=== Supplied entries ===

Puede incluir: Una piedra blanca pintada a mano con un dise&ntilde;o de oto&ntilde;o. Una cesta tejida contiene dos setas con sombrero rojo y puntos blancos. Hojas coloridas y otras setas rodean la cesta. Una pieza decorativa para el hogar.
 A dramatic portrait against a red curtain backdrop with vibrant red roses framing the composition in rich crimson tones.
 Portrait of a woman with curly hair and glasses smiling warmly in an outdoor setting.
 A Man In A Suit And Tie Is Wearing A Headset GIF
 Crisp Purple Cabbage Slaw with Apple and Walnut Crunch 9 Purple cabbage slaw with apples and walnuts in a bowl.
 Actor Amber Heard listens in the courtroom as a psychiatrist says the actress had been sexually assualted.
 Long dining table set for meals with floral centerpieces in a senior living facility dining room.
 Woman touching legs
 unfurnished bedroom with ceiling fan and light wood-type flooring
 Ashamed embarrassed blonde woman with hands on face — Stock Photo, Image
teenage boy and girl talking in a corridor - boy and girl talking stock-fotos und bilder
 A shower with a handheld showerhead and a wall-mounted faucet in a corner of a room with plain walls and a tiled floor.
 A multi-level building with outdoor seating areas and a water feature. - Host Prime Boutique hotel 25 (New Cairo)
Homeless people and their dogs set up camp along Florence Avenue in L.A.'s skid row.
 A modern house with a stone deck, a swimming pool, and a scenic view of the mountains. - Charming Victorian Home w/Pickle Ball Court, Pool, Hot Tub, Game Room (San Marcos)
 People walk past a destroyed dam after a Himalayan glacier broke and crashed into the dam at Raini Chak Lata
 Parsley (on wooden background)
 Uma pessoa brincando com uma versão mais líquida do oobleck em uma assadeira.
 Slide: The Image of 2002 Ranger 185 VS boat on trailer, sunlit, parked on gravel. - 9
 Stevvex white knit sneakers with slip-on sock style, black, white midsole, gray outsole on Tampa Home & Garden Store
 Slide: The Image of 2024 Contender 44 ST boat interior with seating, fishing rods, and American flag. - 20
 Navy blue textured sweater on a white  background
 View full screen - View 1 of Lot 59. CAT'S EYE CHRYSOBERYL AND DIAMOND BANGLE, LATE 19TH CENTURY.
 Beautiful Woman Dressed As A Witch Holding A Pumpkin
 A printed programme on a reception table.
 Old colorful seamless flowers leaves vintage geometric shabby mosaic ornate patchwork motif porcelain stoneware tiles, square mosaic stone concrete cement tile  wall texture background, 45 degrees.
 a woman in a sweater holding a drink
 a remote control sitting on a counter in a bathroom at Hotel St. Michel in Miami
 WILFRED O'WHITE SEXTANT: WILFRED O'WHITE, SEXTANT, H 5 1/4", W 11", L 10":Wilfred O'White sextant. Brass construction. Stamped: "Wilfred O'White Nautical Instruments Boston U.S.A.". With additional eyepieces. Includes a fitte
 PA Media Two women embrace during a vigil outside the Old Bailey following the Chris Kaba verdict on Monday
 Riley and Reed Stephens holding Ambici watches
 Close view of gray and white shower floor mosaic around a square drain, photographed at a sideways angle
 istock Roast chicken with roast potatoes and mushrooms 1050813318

===

## [Your goal]
If a line holds the string "wall", it counts; please state how many such lines there are in the data, with nothing more.

## [Output for this exercise]
2